Captioned web image data
■ ■ ■

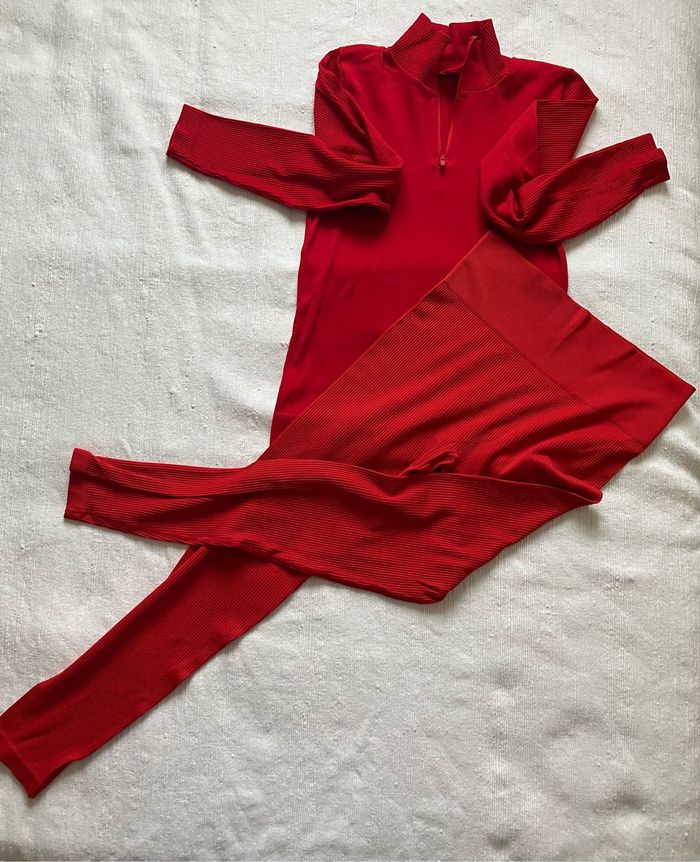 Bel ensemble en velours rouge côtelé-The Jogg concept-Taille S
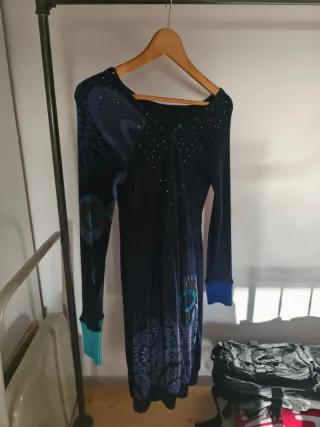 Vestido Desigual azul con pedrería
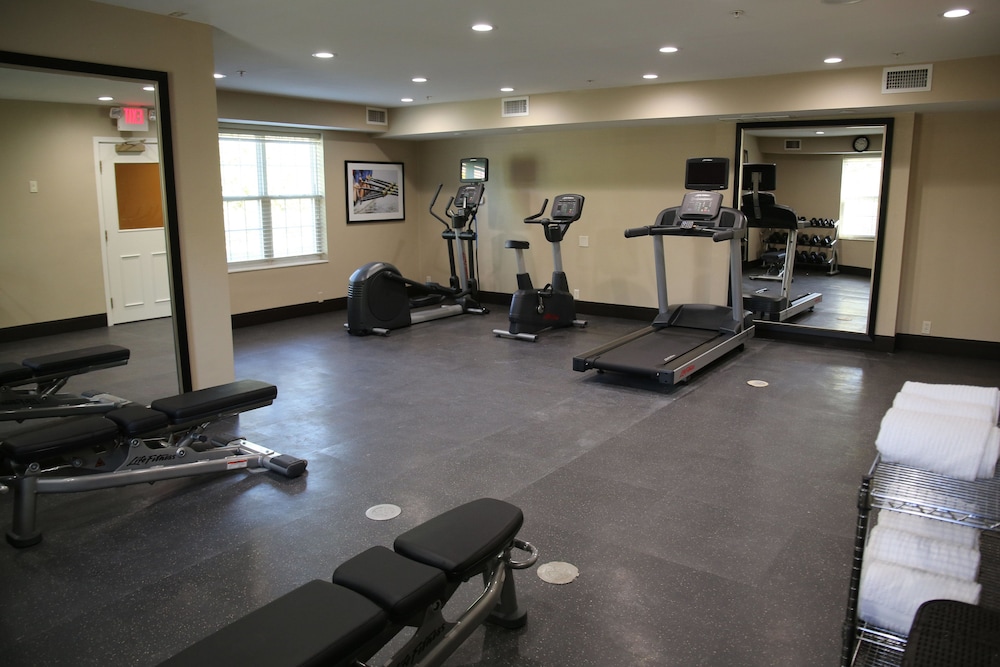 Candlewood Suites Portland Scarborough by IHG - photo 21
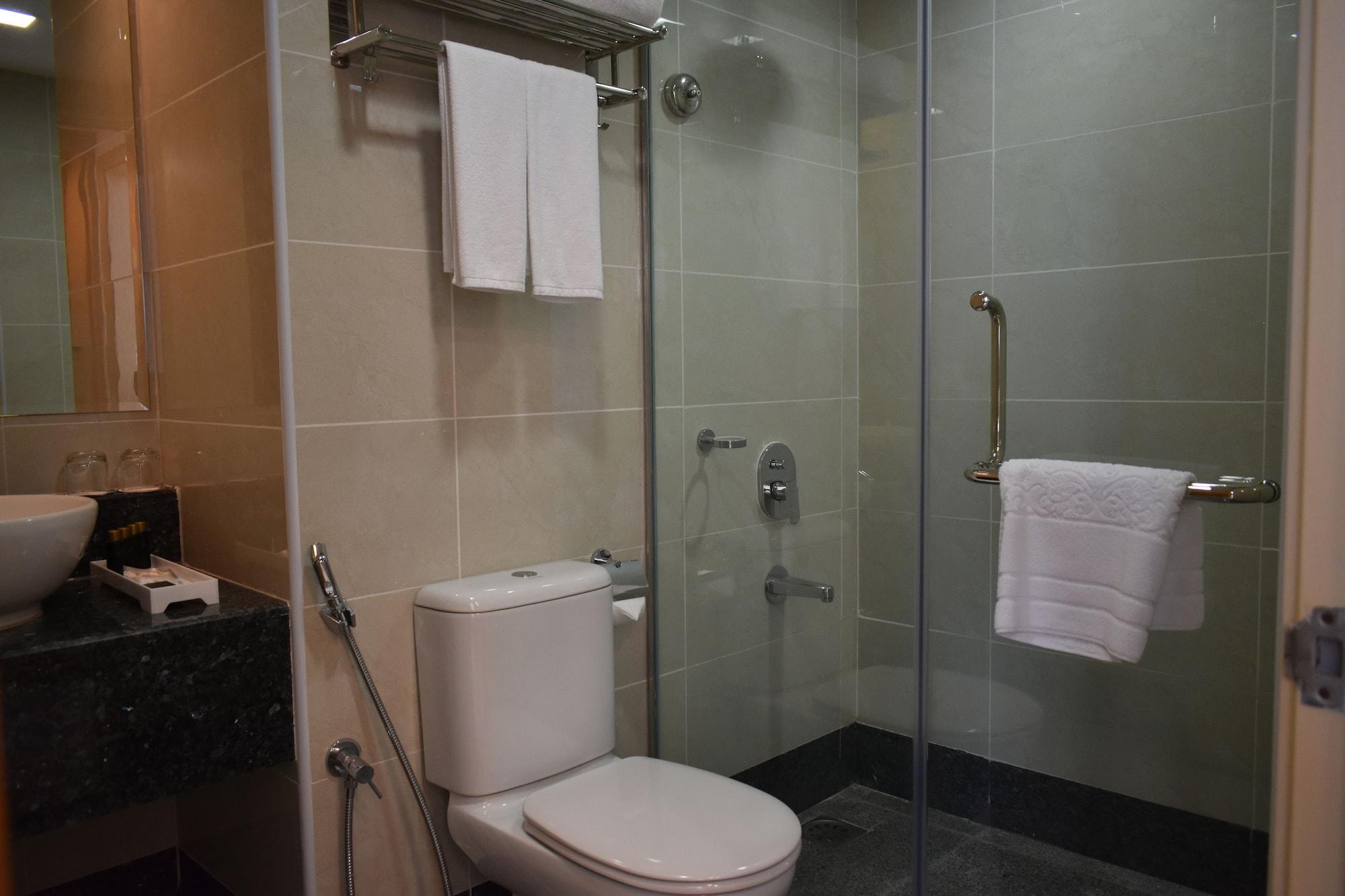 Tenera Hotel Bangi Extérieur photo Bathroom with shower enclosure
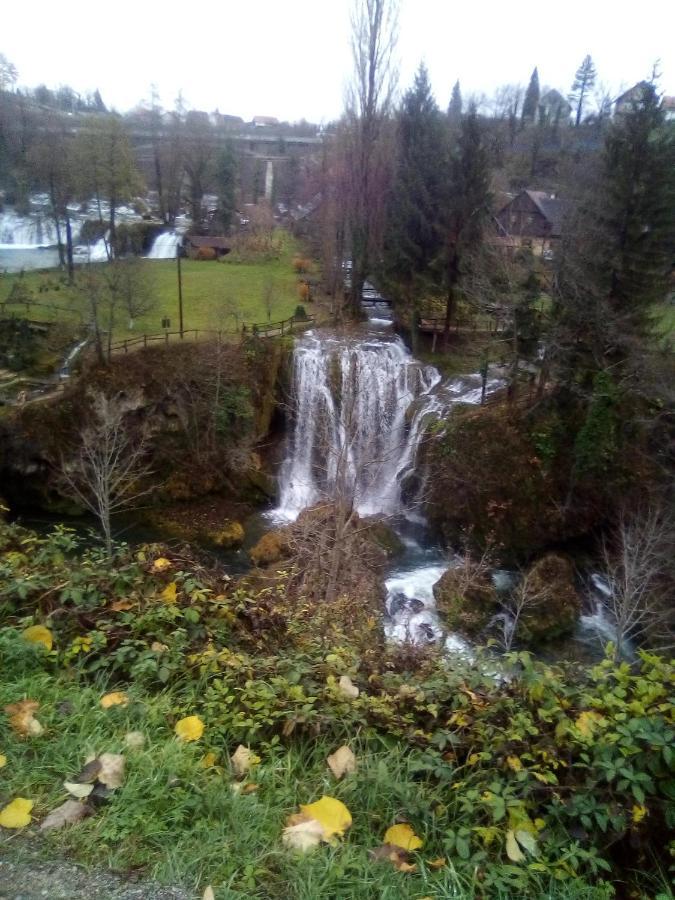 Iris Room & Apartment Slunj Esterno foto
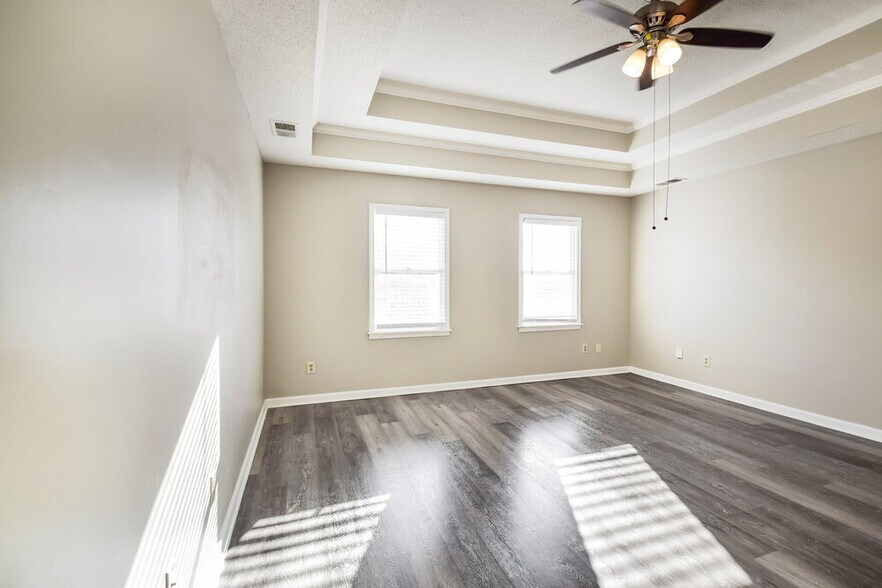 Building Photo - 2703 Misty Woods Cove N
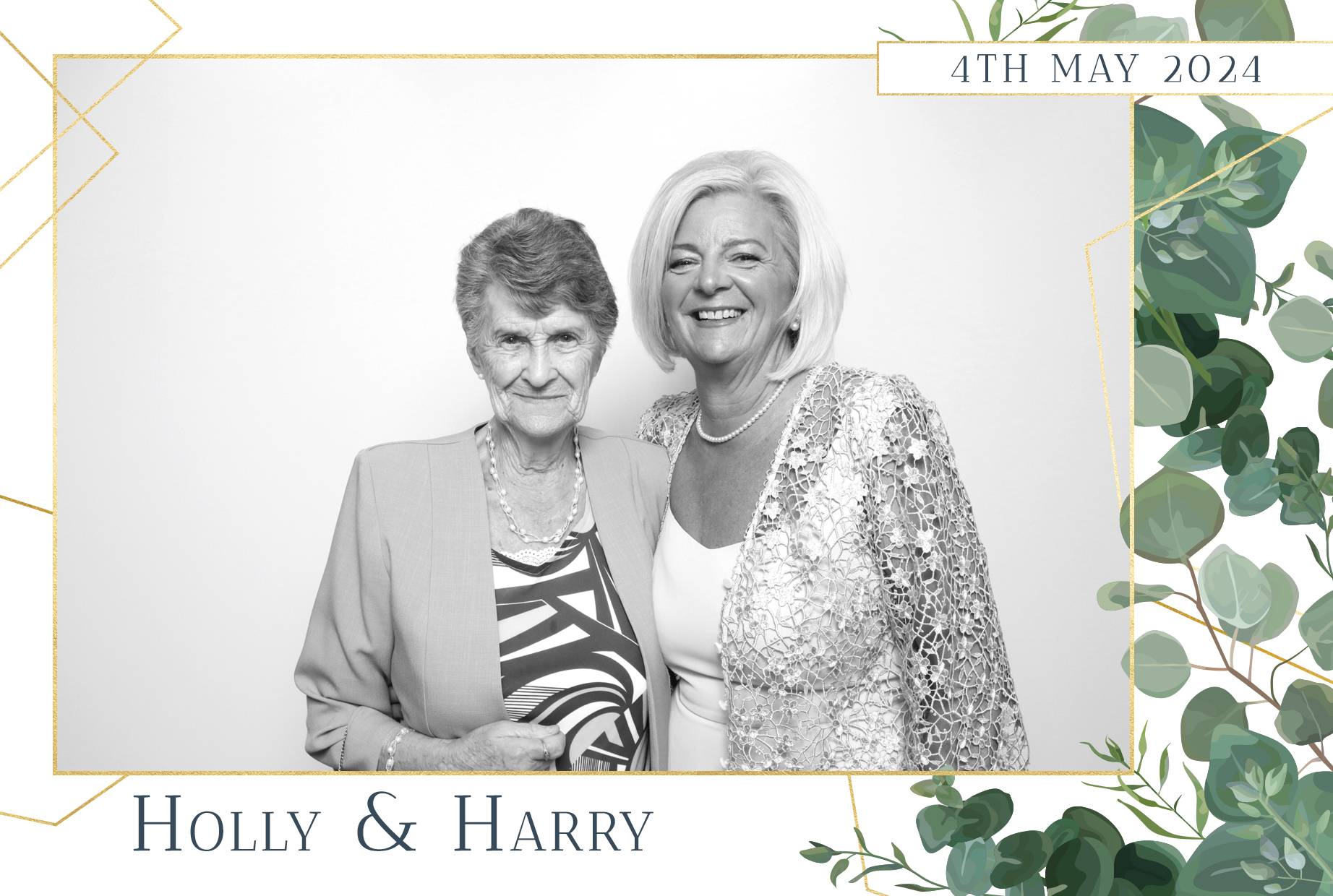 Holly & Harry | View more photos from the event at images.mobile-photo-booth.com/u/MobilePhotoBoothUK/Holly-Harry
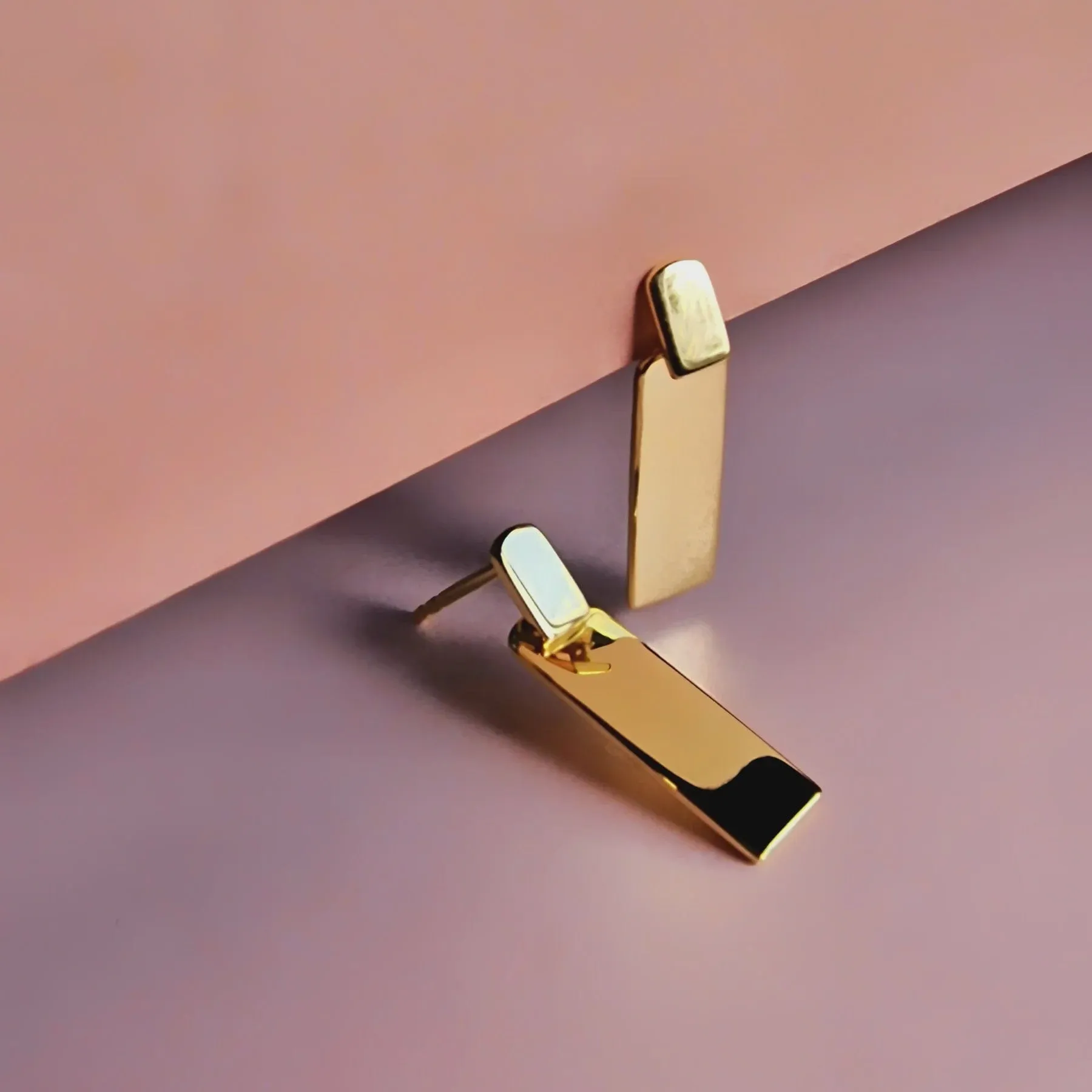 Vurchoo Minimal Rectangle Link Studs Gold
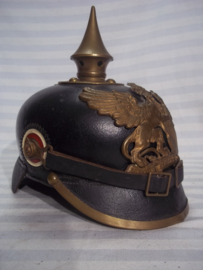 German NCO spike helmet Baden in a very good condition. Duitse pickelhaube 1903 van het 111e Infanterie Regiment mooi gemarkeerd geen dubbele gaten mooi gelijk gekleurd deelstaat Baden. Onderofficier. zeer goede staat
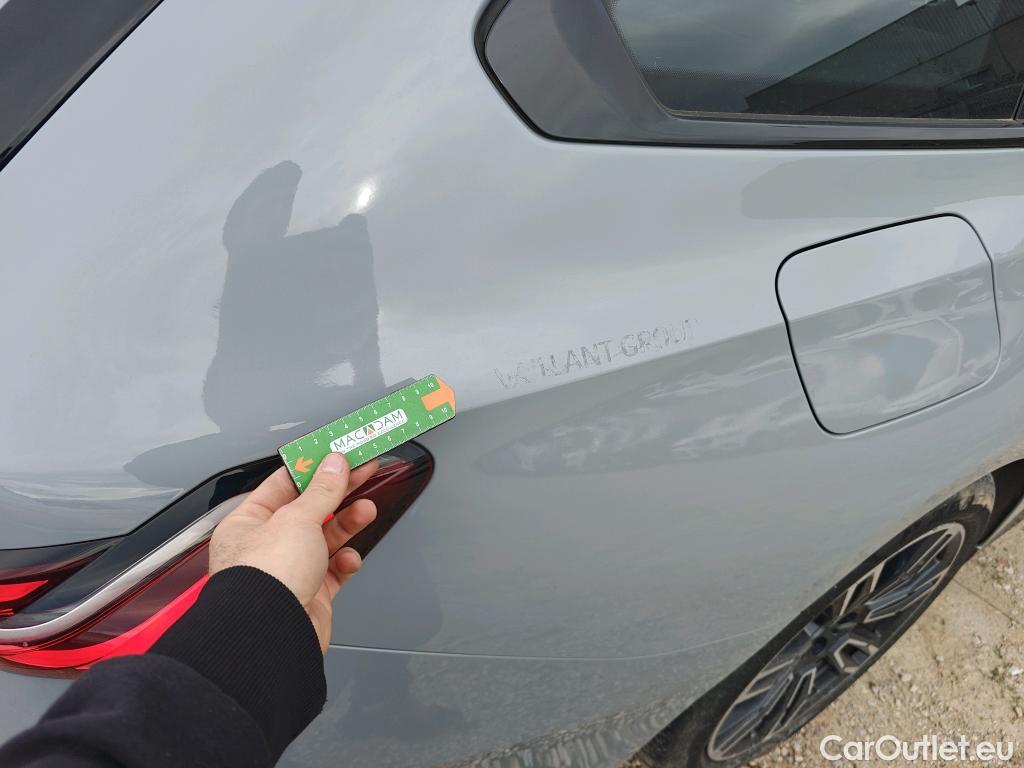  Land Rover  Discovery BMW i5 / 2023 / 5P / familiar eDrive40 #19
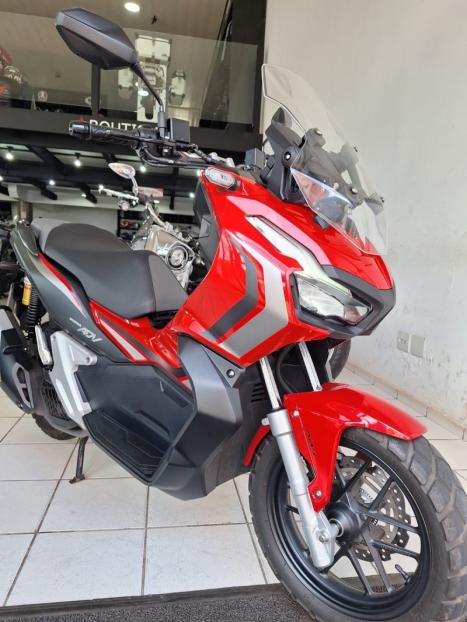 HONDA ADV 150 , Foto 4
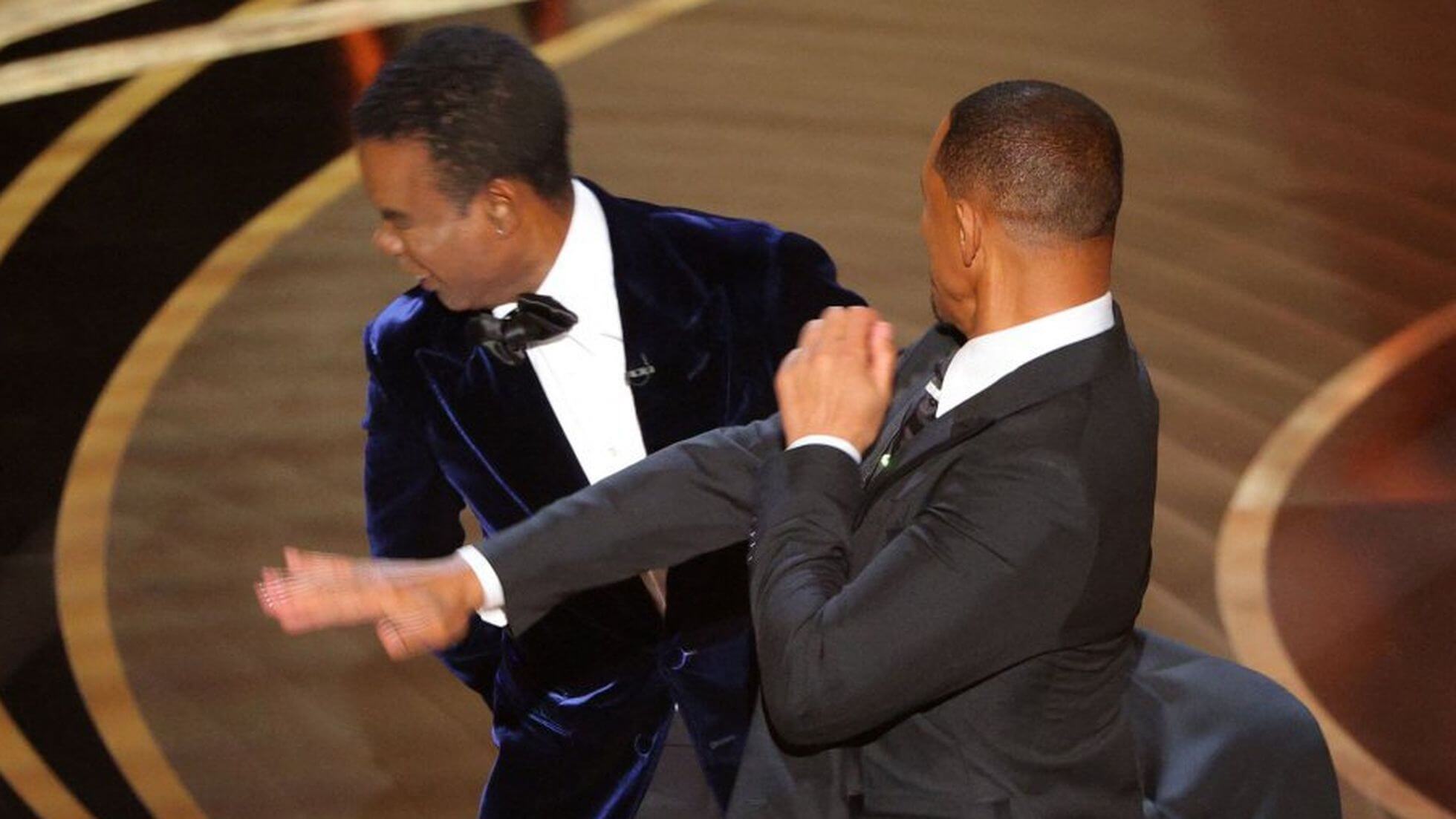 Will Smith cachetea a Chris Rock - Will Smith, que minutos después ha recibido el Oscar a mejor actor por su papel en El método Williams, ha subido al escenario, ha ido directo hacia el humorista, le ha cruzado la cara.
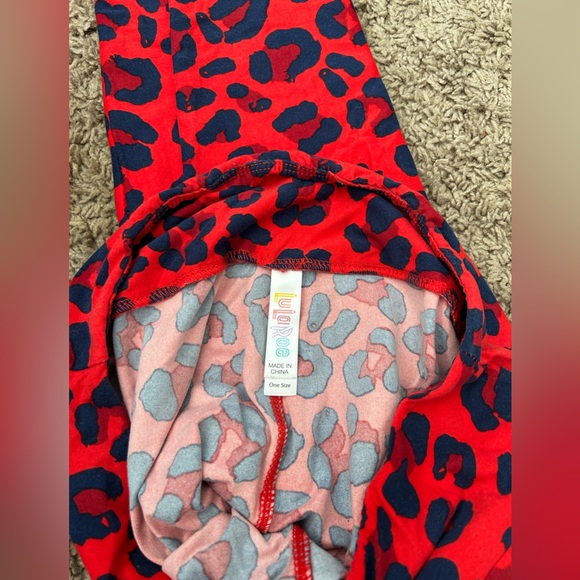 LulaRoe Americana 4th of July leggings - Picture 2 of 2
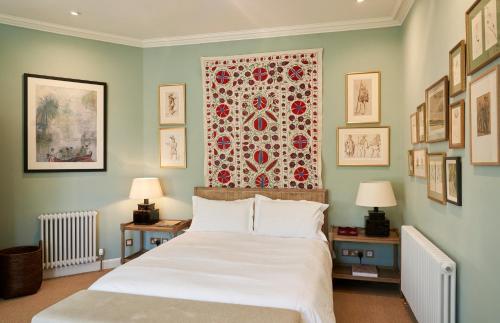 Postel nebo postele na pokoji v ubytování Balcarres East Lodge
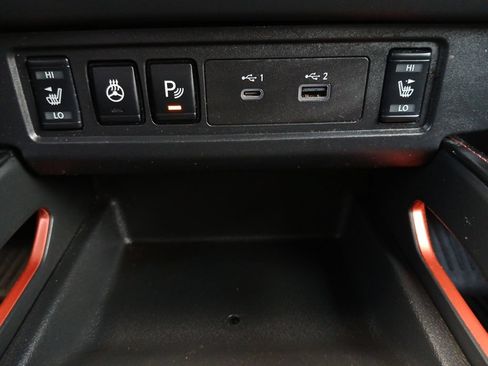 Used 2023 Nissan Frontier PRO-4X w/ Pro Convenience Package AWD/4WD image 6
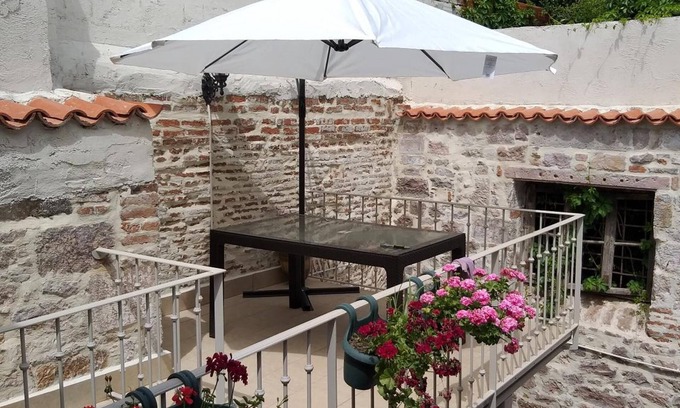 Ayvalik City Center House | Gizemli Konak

■ ■ ■

#### INSTRUCTIONS FOR THE TASK:
The output should consist of the records above, reproduced exactly, without pictures.

#### SOLUTION TO THIS TASK:
 Bel ensemble en velours rouge côtelé-The Jogg concept-Taille S
 Vestido Desigual azul con pedrería
 Candlewood Suites Portland Scarborough by IHG - photo 21
 Tenera Hotel Bangi Extérieur photo Bathroom with shower enclosure
 Iris Room & Apartment Slunj Esterno foto
 Building Photo - 2703 Misty Woods Cove N
 Holly & Harry | View more photos from the event at images.mobile-photo-booth.com/u/MobilePhotoBoothUK/Holly-Harry
 Vurchoo Minimal Rectangle Link Studs Gold
 German NCO spike helmet Baden in a very good condition. Duitse pickelhaube 1903 van het 111e Infanterie Regiment mooi gemarkeerd geen dubbele gaten mooi gelijk gekleurd deelstaat Baden. Onderofficier. zeer goede staat
  Land Rover  Discovery BMW i5 / 2023 / 5P / familiar eDrive40 #19
 HONDA ADV 150 , Foto 4
 Will Smith cachetea a Chris Rock - Will Smith, que minutos después ha recibido el Oscar a mejor actor por su papel en El método Williams, ha subido al escenario, ha ido directo hacia el humorista, le ha cruzado la cara.
 LulaRoe Americana 4th of July leggings - Picture 2 of 2
 Postel nebo postele na pokoji v ubytování Balcarres East Lodge
 Used 2023 Nissan Frontier PRO-4X w/ Pro Convenience Package AWD/4WD image 6
 Ayvalik City Center House | Gizemli Konak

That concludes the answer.